The following article was sent to me as an e-mail from David Linthicum.

Gervas

SOA in Danger of Over Hype, Over Spending, and Bad Practices

David S. Linthicum

In a recent Burton Group event, the analysts stressed what I've been beating to death for years now, that too many companies are over spending in the SOA space, too early, and are not thinking through the core issues. Thus, many initial SOA project are in danger of hitting a wall before the core value of SOA is understood. The Burton analysts stressed that you don't need to chase after some Enterprise Service Bus (ESB) with every possible option, or try to support the latest chic Web services standards to achieve service orientation. Indeed, they are describing what SOA really is--an architecture style--and thus something you do, not something you buy. However, don't tell the vendors that.

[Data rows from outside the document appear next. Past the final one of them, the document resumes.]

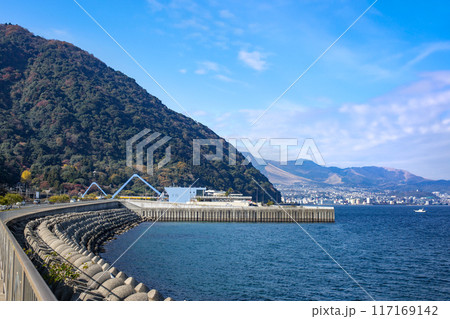 うみたまごと高崎山と別府市街地 117169142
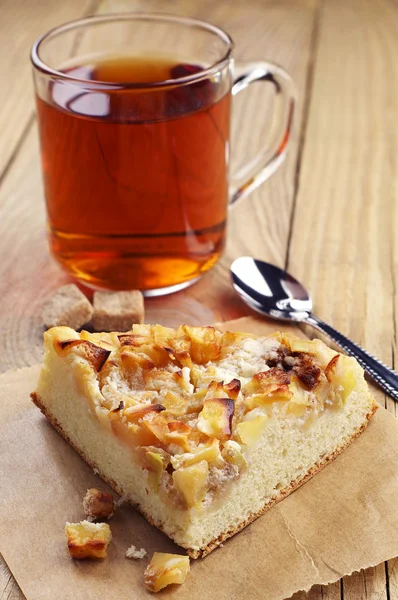 Pedazo de pastel con manzanas y té —  Fotos de Stock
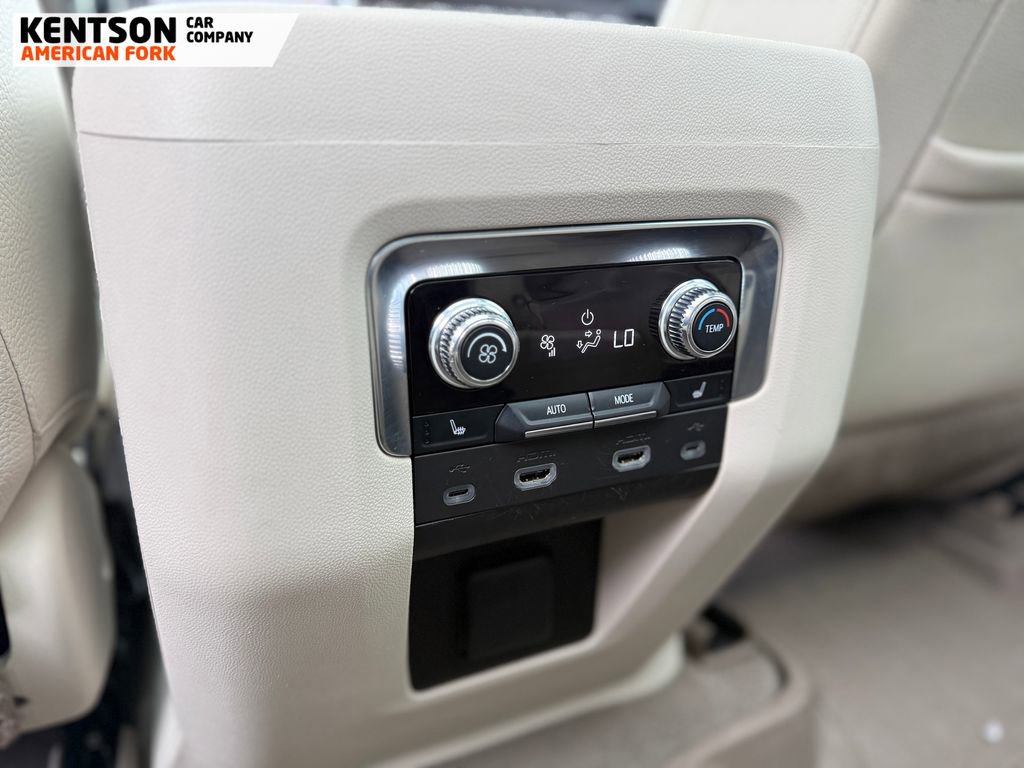 Used 2021 GMC Yukon Denali w/ Denali Premium Package image 39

The hype in the SOA space is raging right now, largely due to the amount of marketing money that's being spent in order to both create and capture the demand. You just don't feel like you're a true enterprise unless you have an ESB and governance tool, no matter that you've not figured out how to use them yet. Indeed the big "SOA stack" players are in the market early with enterprise license agreements that lock in their customer into an all-you-can eat SOA technology buffet that will supposedly provide them with solutions to all of their SOA needs. The truth is much more complex and less exciting. In actuality, each enterprise is like a snowflake, and the problem patterns present vary greatly from problem domain to problem domain, enterprise to enterprise, as I'm finding both in my consulting practice and data points with a number of SOA practitioners out there. Thus, selecting technology before you understand your unique issues, puts your first SOA project at risk and will cost you dearly, considering that this is the mother of all mistakes that you can make here.

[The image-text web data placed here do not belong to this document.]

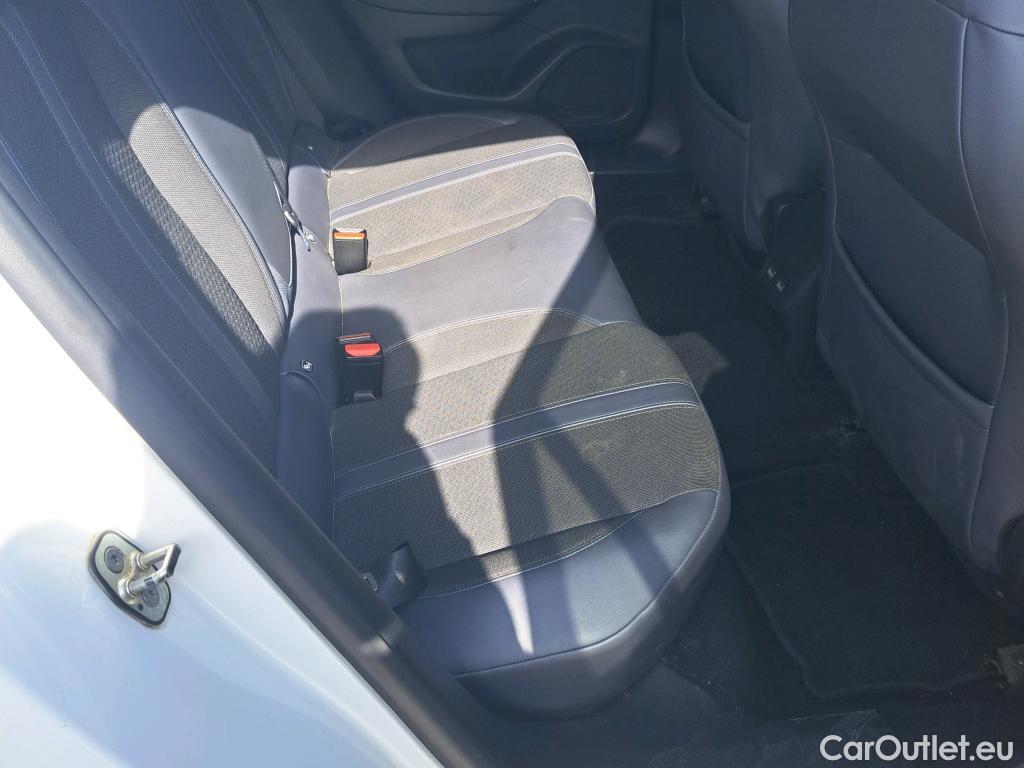  Peugeot  2008 PEUGEOT  / 2019 / 5P / todoterreno Allure Puretech 130 S&S BVM6 #11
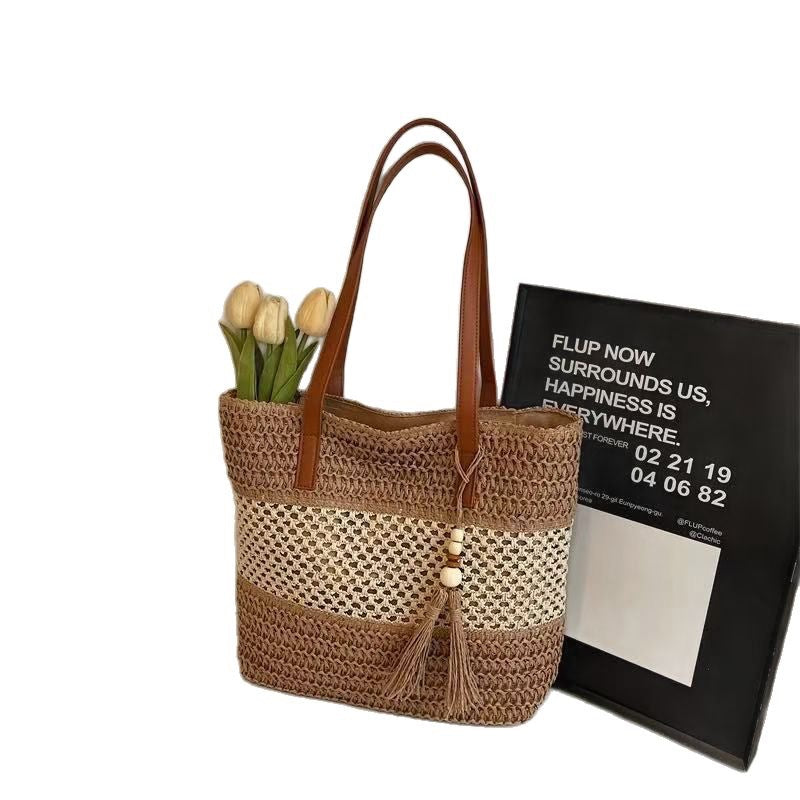 Elegant and Versatile Beach Bag Kalsten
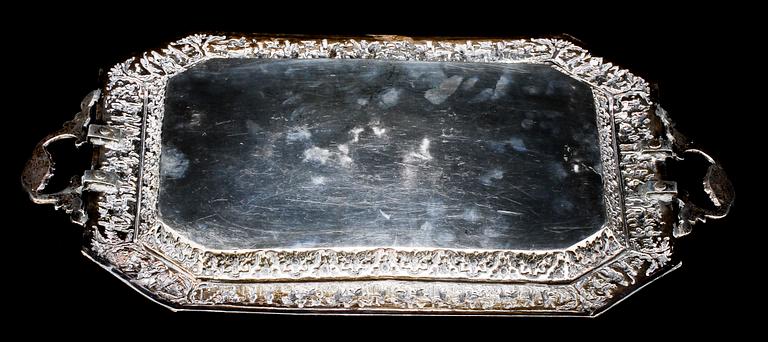 BRICKA, silver, orientalisk, 1900-talets första hälft. Tot. v. ca 2445 g.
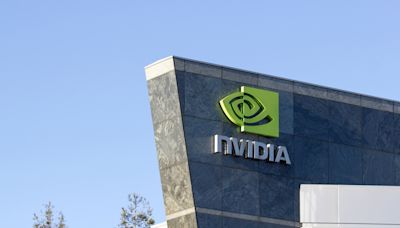 AI 長線潛力足，NVIDIA 市值即將超車蘋果躍居第二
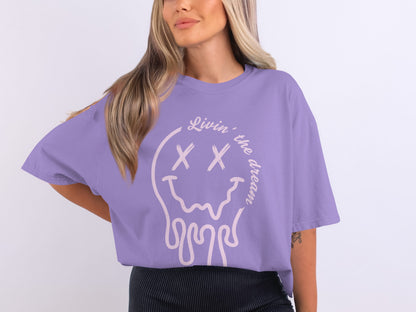 Livin' the dream smiley face graphic T-shirt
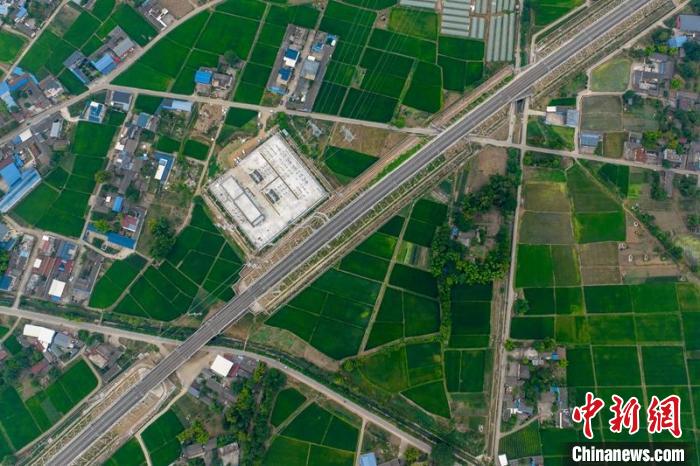 空中俯瞰綿竹牽引變電所和川青鐵路成黃段鐵路線。 劉忠俊 攝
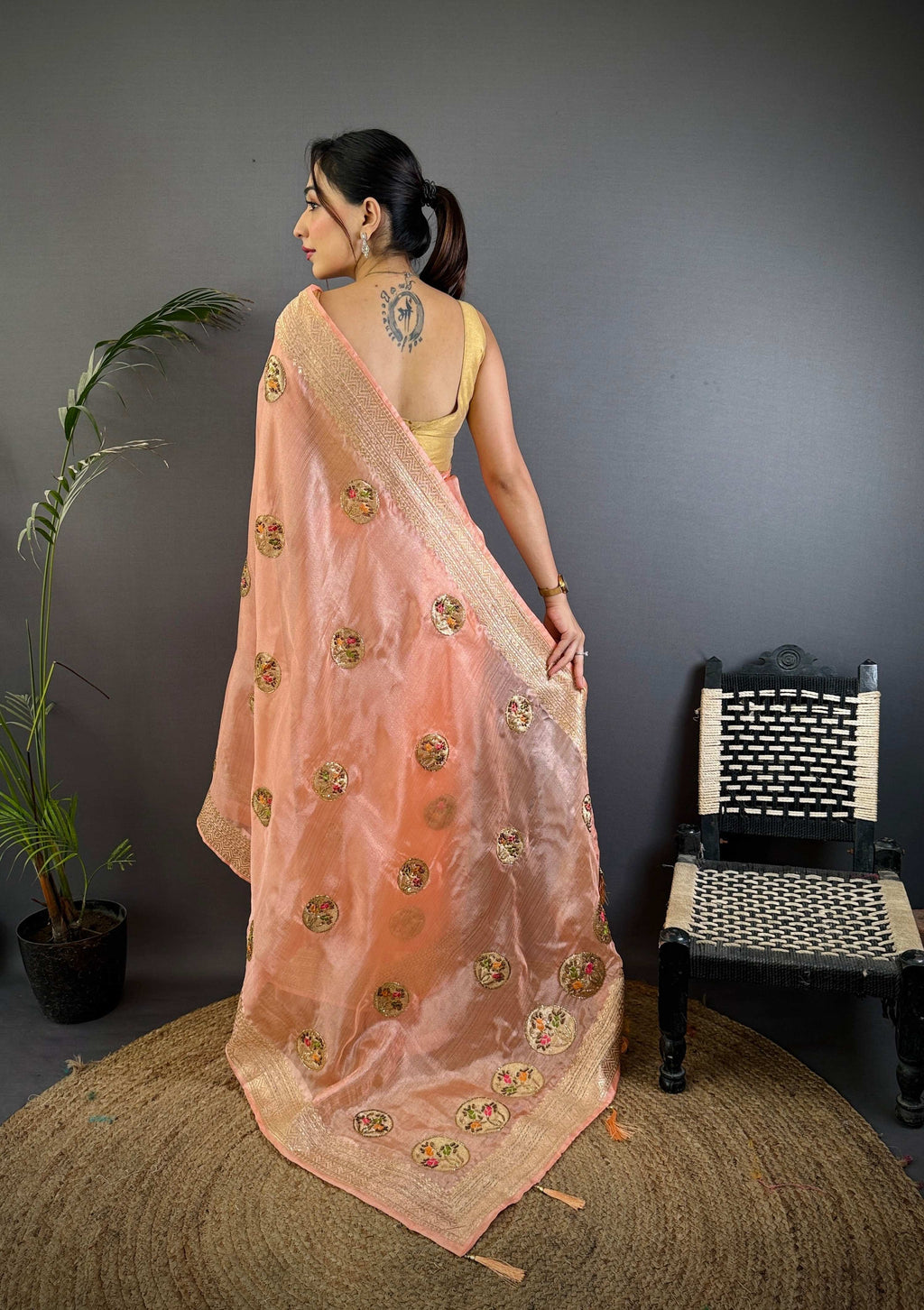 Sonakshi Women'S Peach Pure Organza Silk With Attractive Embroidery Work Traditional Saree With Blouse | Grocsy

There is much homework to be done before you can begin shelling out the big dollars for the big SOA technology, and more often than not you'll find the technology that's a fit is not the technology you had first thought. Case in point are the number of projects I'm finding where ESBs are not the correct solution, but their early purchase means it's a "force fit" which means the project is at risk, and at the very least, the solution is not optimal. Not that ESBs are bad; they are not. However, like any technology, ESBs do not fit within all SOAs. Same can be said about SOA governance tools, SOA security solutions, service development tools, etc.. You can define your architecture around technology, and the reverse is also true. The fact of the matter is that you need to go through some iterative steps before you can even begin to define your technology requirements, and look for products that fit them. First, you need to understand your data at the semantic, metadata, and abstraction levels. This means a clear definition of what's there, what's needed, and how it should be modeled and implemented as a part of your SOA. Data is the foundation, services are the externalization, and processes are the solution. Keep that in mind.

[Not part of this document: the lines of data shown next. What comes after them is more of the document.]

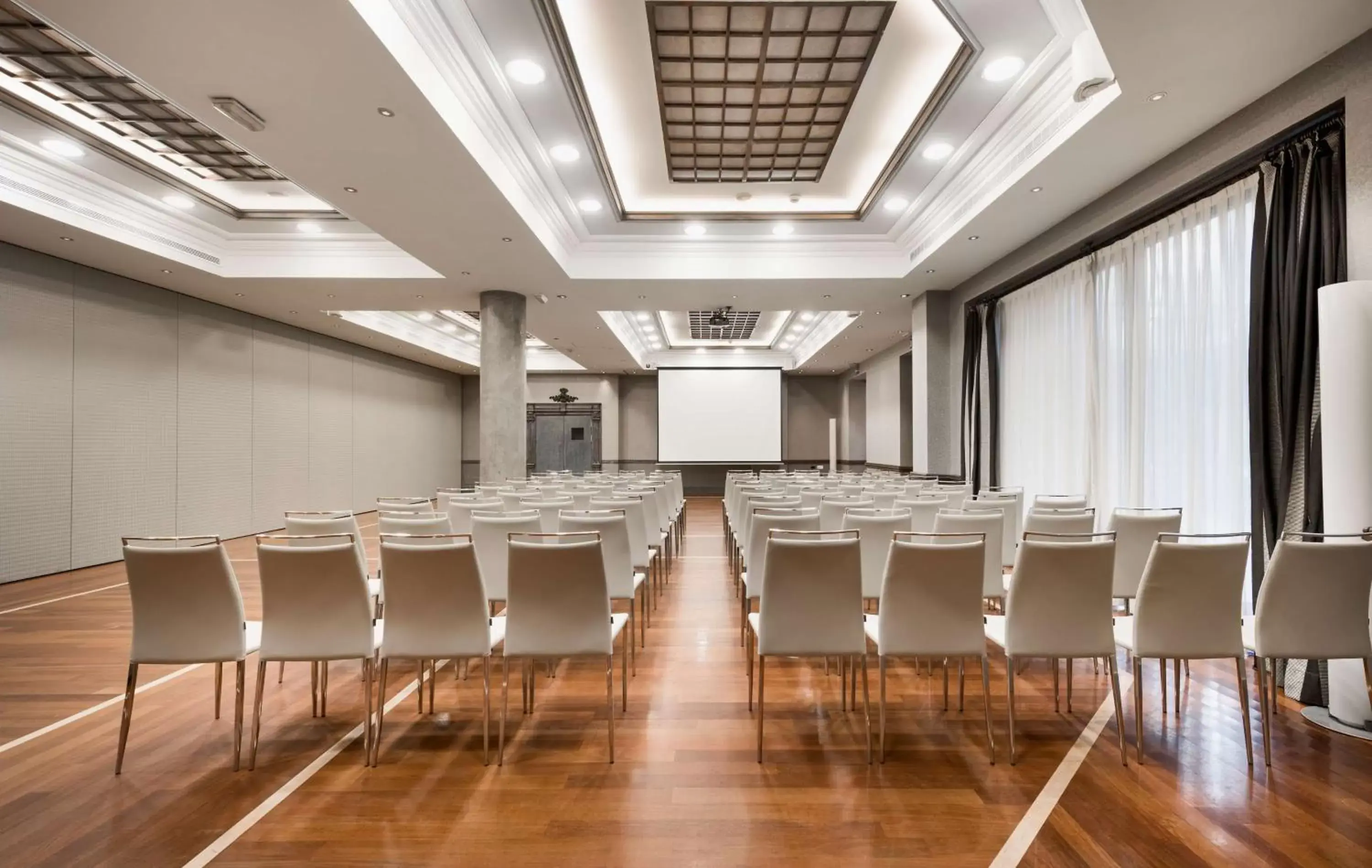Meeting/conference room in NH Collection Vigo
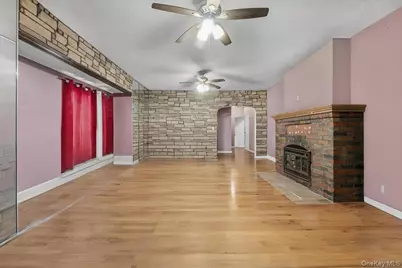 1033 N Fletcher Avenue, Valley Stream, NY 11580 - Photo 12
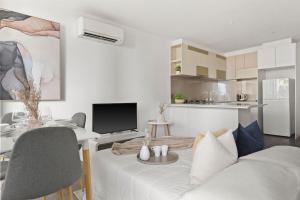Modern 2BR Apartment Near to Southern Cross
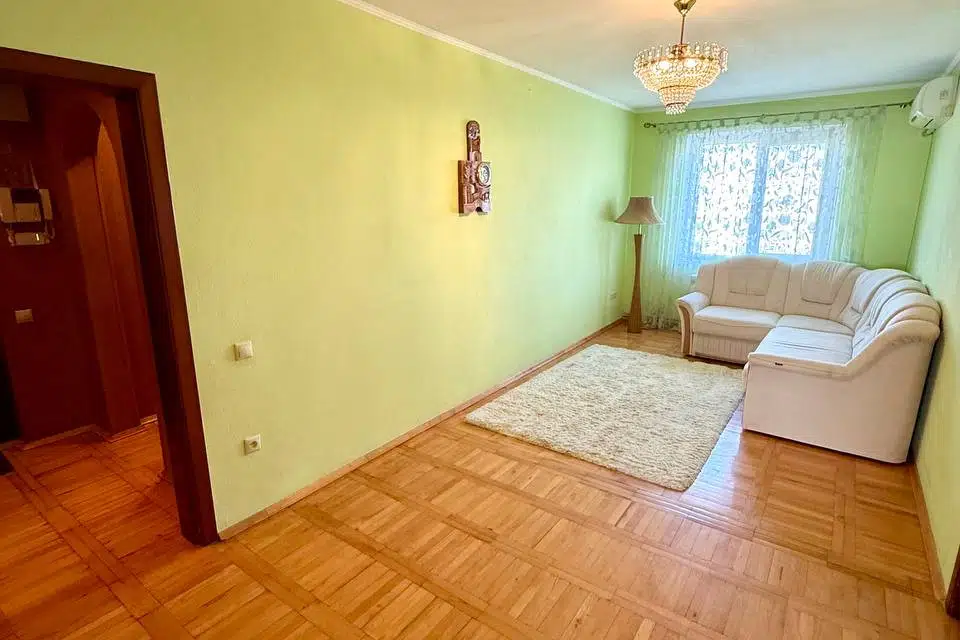 Продаётся 4-комнатная квартира, 85.8 м²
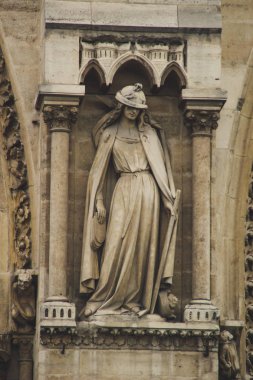 Eski Paris mimari. Evleri ve kiliseleri. Kentin güzelliği heykeller. Aşkın şehri. İlgi yerlere geziler. Notre dame de Paris.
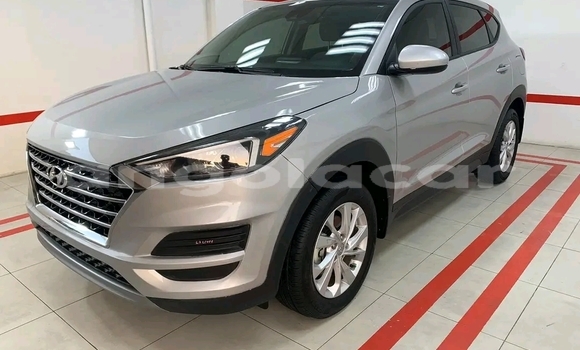 Buy Used Hyundai Tucson Silver Car in Luanda in Luanda Province Buy Used Hyundai Tucson Silver Car in Luanda in Luanda Province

Second, you need to identify all candidate services, or potential services in your domain. This means going on a service mining expedition, looking at mainframes, and other enterprise applications for core business processes that need to be externalized as services for the architecture. This means working back from screens, APIs, and transactions, and the creation of a solution for recasting them as services. Third, you need to figure out the meta-processes that are a part of the domain. This will become the foundation for your orchestration and/or choreography layers, in essence, defining how the services interact and providing a platform for driving them together into solutions.

Beyond all that you need to figure out performance, security, service tracking, service level agreements, policy management, design time, run time, and any special needs that your project/domain may have, and there is always something that's unique. Then, and only then, do you figure out your technology requirement.

Those who jump right into the SOA hype pool full of SOA technology are finding a few things out. They are not solving their problem, they are not using best practices, and worst of all, they are putting their projects at risk and spending too much money in doing so. I'm not sure if this is one of those "let the kid touch the hot stove" issues, where a few painful failures will teach the masses that this is the wrong approach, or if I need to keep jumping on my soapbox and preaching the very unpopular notion that SOA is complex, hard, and if you're going to make it work, it's going to take some work. Sorry to be the buzz-kill, but somebody has to speak up. Happy to listen to other options here.